◆ TASK OBJECTIVE
Whatever the records contain, reproduce all of them exactly.

= = = = = = =

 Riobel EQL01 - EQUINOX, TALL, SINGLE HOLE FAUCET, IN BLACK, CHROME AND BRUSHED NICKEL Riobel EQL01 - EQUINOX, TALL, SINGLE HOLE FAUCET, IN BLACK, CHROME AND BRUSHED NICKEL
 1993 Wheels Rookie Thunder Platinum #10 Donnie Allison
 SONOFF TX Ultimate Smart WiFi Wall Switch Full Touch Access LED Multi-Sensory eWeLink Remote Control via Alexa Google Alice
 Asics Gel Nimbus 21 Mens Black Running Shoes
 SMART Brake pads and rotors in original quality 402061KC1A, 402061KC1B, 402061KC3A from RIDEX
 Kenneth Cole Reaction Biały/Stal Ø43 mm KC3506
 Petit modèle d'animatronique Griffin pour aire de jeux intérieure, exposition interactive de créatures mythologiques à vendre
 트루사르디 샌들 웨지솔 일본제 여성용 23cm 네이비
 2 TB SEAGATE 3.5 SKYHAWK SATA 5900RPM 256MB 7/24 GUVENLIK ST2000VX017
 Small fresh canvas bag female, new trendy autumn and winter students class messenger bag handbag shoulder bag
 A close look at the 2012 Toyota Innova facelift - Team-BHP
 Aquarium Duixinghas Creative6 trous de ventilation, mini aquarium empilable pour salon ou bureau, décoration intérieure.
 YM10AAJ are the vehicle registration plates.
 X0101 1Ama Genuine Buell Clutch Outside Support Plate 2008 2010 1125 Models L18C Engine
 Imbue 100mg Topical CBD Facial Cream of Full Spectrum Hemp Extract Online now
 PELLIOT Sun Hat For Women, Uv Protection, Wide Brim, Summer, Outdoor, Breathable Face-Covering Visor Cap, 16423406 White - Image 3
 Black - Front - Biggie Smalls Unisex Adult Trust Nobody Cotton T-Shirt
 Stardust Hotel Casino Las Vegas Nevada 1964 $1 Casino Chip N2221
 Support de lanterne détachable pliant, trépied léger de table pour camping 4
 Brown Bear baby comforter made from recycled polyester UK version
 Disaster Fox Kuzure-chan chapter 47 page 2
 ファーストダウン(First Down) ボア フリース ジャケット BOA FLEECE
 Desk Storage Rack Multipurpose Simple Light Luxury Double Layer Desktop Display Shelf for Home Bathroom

= = = = = = =

◆ ANSWER SECTION
 Riobel EQL01 - EQUINOX, TALL, SINGLE HOLE FAUCET, IN BLACK, CHROME AND BRUSHED NICKEL Riobel EQL01 - EQUINOX, TALL, SINGLE HOLE FAUCET, IN BLACK, CHROME AND BRUSHED NICKEL
 1993 Wheels Rookie Thunder Platinum #10 Donnie Allison
 SONOFF TX Ultimate Smart WiFi Wall Switch Full Touch Access LED Multi-Sensory eWeLink Remote Control via Alexa Google Alice
 Asics Gel Nimbus 21 Mens Black Running Shoes
 SMART Brake pads and rotors in original quality 402061KC1A, 402061KC1B, 402061KC3A from RIDEX
 Kenneth Cole Reaction Biały/Stal Ø43 mm KC3506
 Petit modèle d'animatronique Griffin pour aire de jeux intérieure, exposition interactive de créatures mythologiques à vendre
 트루사르디 샌들 웨지솔 일본제 여성용 23cm 네이비
 2 TB SEAGATE 3.5 SKYHAWK SATA 5900RPM 256MB 7/24 GUVENLIK ST2000VX017
 Small fresh canvas bag female, new trendy autumn and winter students class messenger bag handbag shoulder bag
 A close look at the 2012 Toyota Innova facelift - Team-BHP
 Aquarium Duixinghas Creative6 trous de ventilation, mini aquarium empilable pour salon ou bureau, décoration intérieure.
 YM10AAJ are the vehicle registration plates.
 X0101 1Ama Genuine Buell Clutch Outside Support Plate 2008 2010 1125 Models L18C Engine
 Imbue 100mg Topical CBD Facial Cream of Full Spectrum Hemp Extract Online now
 PELLIOT Sun Hat For Women, Uv Protection, Wide Brim, Summer, Outdoor, Breathable Face-Covering Visor Cap, 16423406 White - Image 3
 Black - Front - Biggie Smalls Unisex Adult Trust Nobody Cotton T-Shirt
 Stardust Hotel Casino Las Vegas Nevada 1964 $1 Casino Chip N2221
 Support de lanterne détachable pliant, trépied léger de table pour camping 4
 Brown Bear baby comforter made from recycled polyester UK version
 Disaster Fox Kuzure-chan chapter 47 page 2
 ファーストダウン(First Down) ボア フリース ジャケット BOA FLEECE
 Desk Storage Rack Multipurpose Simple Light Luxury Double Layer Desktop Display Shelf for Home Bathroom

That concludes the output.